**DATA FOR REVIEW**
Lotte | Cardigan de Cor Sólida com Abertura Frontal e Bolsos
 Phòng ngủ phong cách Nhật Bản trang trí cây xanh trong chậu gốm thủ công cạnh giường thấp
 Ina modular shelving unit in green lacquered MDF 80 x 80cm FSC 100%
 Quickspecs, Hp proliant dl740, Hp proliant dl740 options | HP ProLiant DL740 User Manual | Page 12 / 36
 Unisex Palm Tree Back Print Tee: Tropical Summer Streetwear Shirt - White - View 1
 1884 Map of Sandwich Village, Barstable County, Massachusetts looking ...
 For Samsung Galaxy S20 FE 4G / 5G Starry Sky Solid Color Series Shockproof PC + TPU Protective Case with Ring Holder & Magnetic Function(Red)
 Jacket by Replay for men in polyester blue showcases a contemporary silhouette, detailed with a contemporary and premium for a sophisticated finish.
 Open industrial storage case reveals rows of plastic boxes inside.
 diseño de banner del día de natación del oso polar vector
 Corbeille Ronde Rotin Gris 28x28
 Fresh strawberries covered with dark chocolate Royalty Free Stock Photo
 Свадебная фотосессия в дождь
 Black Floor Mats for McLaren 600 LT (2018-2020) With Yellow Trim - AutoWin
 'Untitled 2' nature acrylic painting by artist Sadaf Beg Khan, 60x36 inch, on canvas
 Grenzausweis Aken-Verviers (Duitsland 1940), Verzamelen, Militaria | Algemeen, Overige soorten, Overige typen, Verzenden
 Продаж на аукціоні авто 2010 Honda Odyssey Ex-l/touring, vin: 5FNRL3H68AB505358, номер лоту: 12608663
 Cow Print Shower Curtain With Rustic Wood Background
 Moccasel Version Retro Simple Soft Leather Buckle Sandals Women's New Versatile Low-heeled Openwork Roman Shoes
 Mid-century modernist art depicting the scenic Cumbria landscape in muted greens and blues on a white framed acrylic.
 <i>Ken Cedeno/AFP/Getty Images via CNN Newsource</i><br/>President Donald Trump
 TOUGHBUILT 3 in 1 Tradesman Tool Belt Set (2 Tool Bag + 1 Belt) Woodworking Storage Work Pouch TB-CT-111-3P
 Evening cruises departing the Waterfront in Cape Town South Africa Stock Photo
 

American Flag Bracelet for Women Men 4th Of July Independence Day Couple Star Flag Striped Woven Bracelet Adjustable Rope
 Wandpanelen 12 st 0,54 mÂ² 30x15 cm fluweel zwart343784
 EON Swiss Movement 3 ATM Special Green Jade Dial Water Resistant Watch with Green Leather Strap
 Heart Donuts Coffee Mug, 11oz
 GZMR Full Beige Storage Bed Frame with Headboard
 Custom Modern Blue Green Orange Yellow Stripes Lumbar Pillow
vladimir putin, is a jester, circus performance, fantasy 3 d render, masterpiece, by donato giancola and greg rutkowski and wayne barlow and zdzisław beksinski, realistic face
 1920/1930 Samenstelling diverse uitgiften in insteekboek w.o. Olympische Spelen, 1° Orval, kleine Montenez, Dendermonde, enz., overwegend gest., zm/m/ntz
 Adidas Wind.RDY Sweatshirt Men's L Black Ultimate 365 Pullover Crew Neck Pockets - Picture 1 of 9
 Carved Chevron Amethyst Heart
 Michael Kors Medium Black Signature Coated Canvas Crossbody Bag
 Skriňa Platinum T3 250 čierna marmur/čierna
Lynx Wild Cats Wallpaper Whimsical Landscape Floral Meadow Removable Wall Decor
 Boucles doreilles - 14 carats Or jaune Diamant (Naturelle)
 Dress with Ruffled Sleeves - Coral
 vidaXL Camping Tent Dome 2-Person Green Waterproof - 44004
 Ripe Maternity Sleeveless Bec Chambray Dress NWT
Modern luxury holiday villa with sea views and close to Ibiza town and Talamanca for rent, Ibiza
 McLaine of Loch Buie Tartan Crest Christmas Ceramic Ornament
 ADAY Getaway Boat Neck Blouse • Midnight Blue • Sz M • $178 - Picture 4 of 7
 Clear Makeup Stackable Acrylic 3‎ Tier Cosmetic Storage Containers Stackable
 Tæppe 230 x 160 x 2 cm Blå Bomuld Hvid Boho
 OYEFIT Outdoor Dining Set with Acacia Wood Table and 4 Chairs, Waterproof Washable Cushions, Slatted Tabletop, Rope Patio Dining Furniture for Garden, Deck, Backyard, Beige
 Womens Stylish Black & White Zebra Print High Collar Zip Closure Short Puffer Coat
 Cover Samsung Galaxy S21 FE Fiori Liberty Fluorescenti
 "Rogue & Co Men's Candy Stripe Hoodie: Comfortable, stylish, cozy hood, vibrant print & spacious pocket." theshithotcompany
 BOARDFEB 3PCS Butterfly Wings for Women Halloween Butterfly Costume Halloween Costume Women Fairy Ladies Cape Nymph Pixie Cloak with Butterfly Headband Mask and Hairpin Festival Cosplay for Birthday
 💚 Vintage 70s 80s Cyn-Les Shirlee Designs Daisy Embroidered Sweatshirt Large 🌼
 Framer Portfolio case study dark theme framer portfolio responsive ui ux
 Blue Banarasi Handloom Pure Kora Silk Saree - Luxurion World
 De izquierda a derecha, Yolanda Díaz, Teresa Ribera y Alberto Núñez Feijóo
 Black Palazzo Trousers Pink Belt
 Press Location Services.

**TASK**
What is needed is an exact copy of the line containing "Sweatshirt Large 🌼" and each line after it, through the final line of the entries above.

**RESULT**
 💚 Vintage 70s 80s Cyn-Les Shirlee Designs Daisy Embroidered Sweatshirt Large 🌼
 Framer Portfolio case study dark theme framer portfolio responsive ui ux
 Blue Banarasi Handloom Pure Kora Silk Saree - Luxurion World
 De izquierda a derecha, Yolanda Díaz, Teresa Ribera y Alberto Núñez Feijóo
 Black Palazzo Trousers Pink Belt
 Press Location Services.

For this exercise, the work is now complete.